WORK TO BE COMPLETED — Without any pictures, print exactly the lines that run from the start of the data through the line containing "After your calibration".

Data extracted from a collection —
-- Opening Marker --

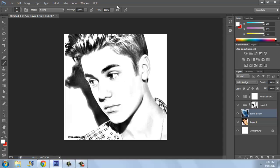This is basically all for the tutorial. It may not look so awesome, but guys, it's really great. Thanks, and don't forget to subscribe if you want to see more Photoshop videos.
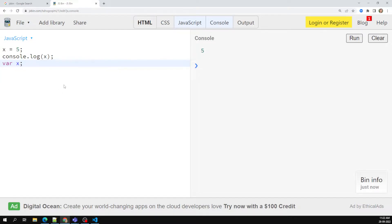Hoisting allows functions to be safely used in code before they are declared. Variables and class declarations are also hoisted. So functions, variables, and classes in JavaScript are all hoisted — meaning they can be referenced before they are declared.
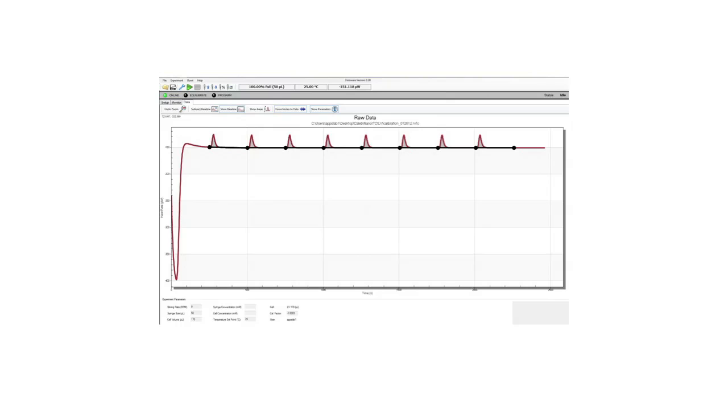After your calibration is finished, your data will look like this where you will see peaks that are integrated that are all the same size.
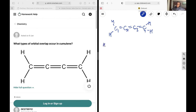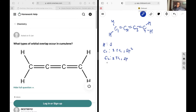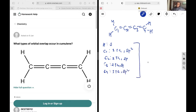For each of the H, we know that it has electrons in 1s orbitals. For C1, it has three terminal groups, which means it is going to be sp2 hybridized. C2 has two terminal groups, which means it is sp hybridized. C3 also has two terminal groups, so it is sp hybridized. And C4 has three terminal groups, so it is going to be sp2 hybridized.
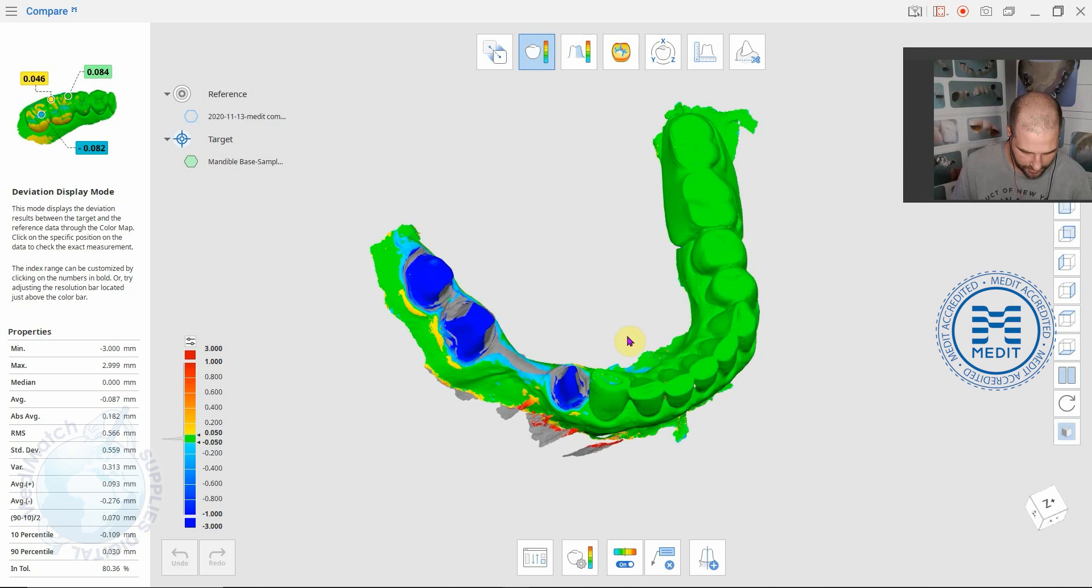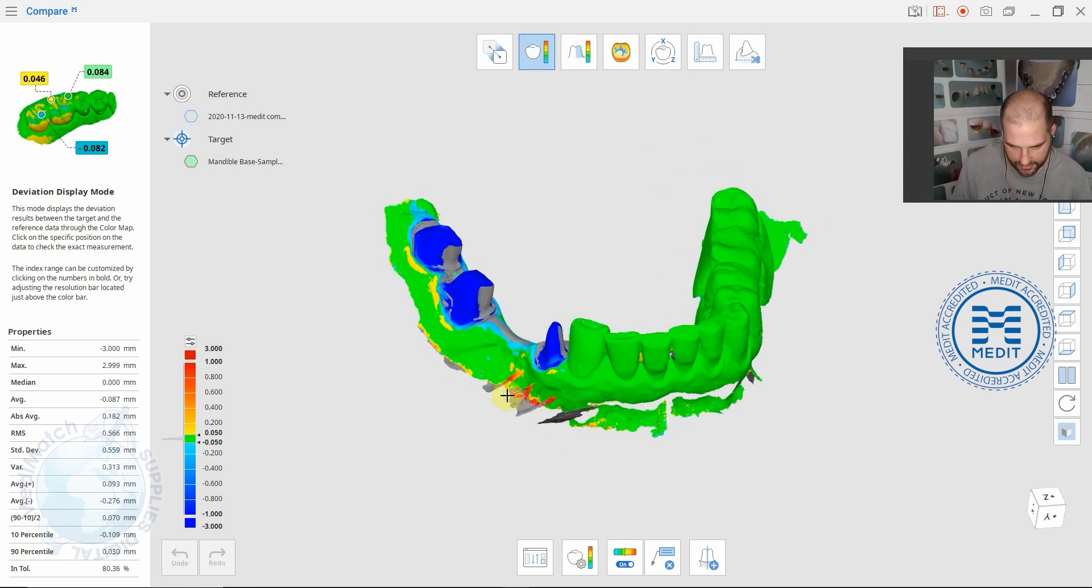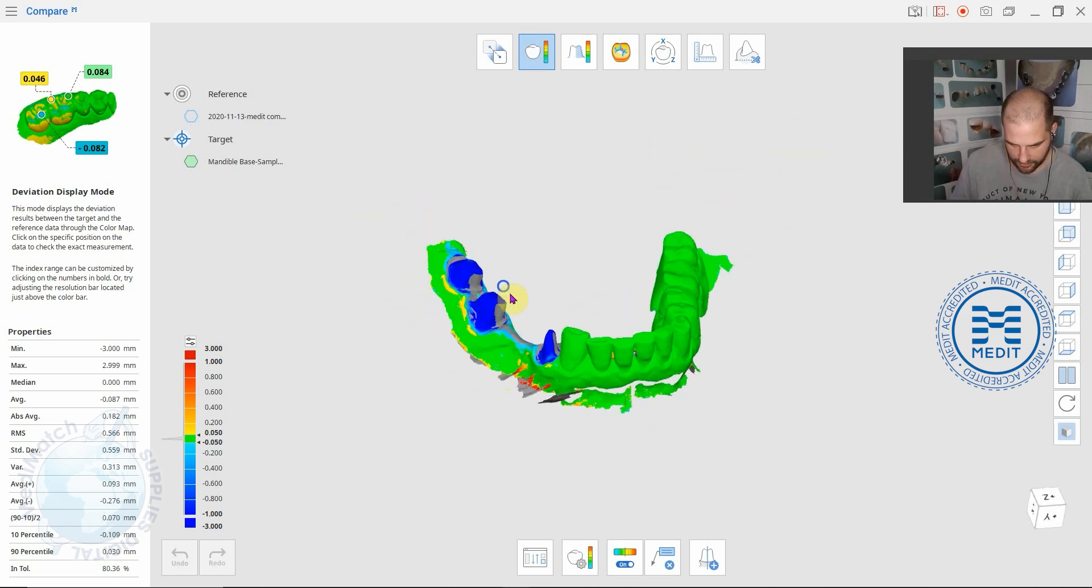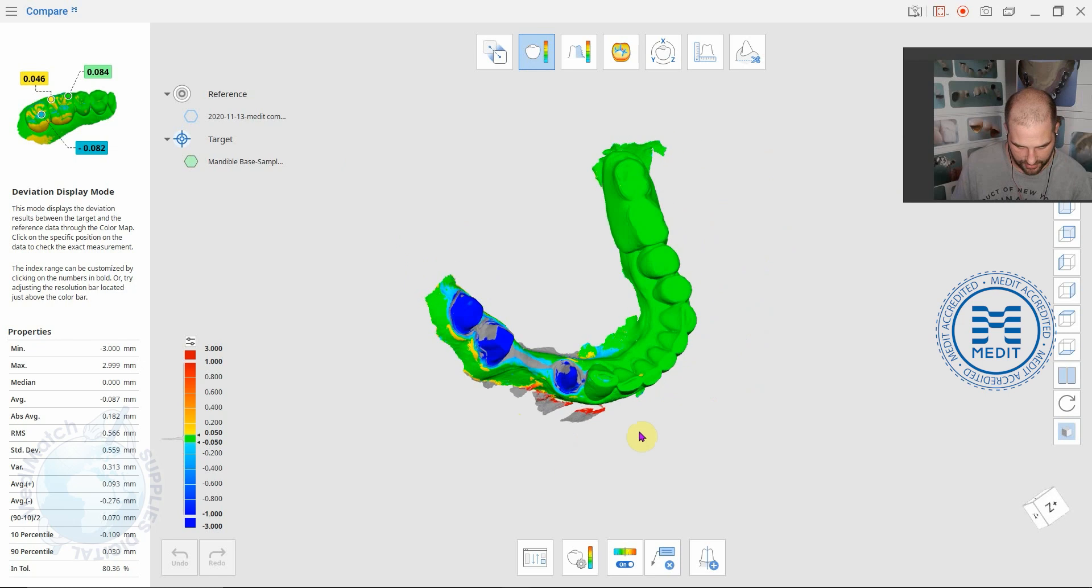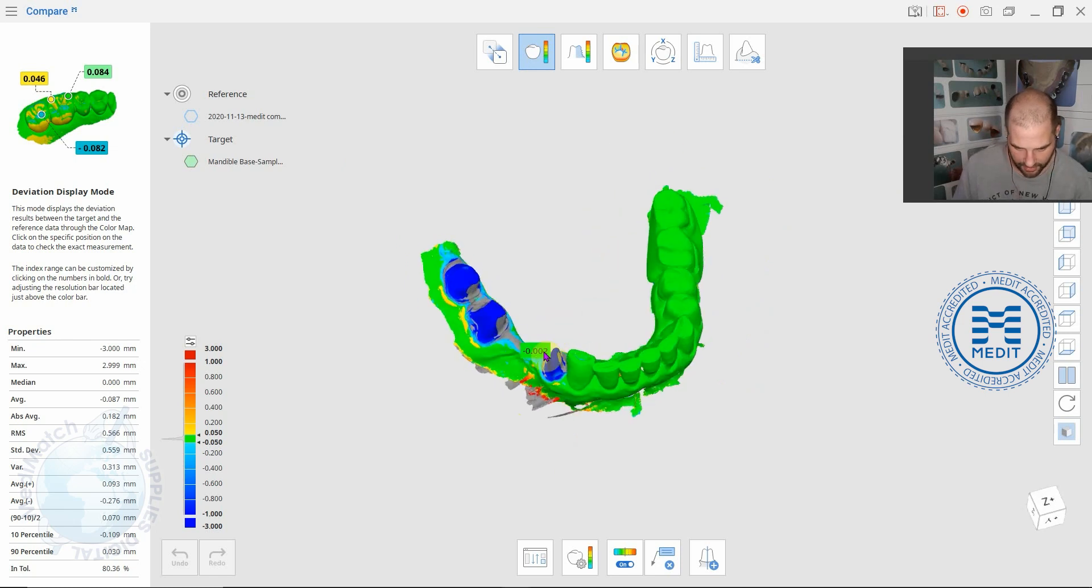Where there's any red, this is unreliable data. That will just be where there's extra data where the scans haven't quite lined up.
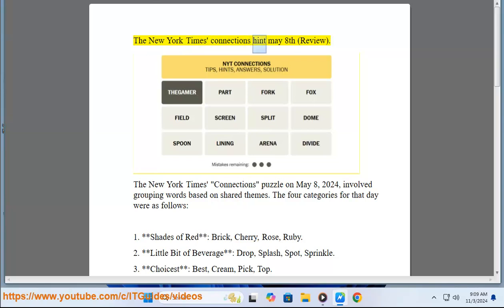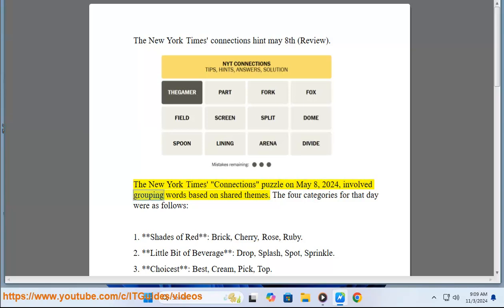The New York Times Connections Puzzle on May 8th, 2024, involved grouping words based on shared themes. The four categories for that day were as follows.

-- Closing Marker --

WRITTEN SOLUTION —
This is basically all for the tutorial. It may not look so awesome, but guys, it's really great. Thanks, and don't forget to subscribe if you want to see more Photoshop videos.
Hoisting allows functions to be safely used in code before they are declared. Variables and class declarations are also hoisted. So functions, variables, and classes in JavaScript are all hoisted — meaning they can be referenced before they are declared.
After your calibration is finished, your data will look like this where you will see peaks that are integrated that are all the same size.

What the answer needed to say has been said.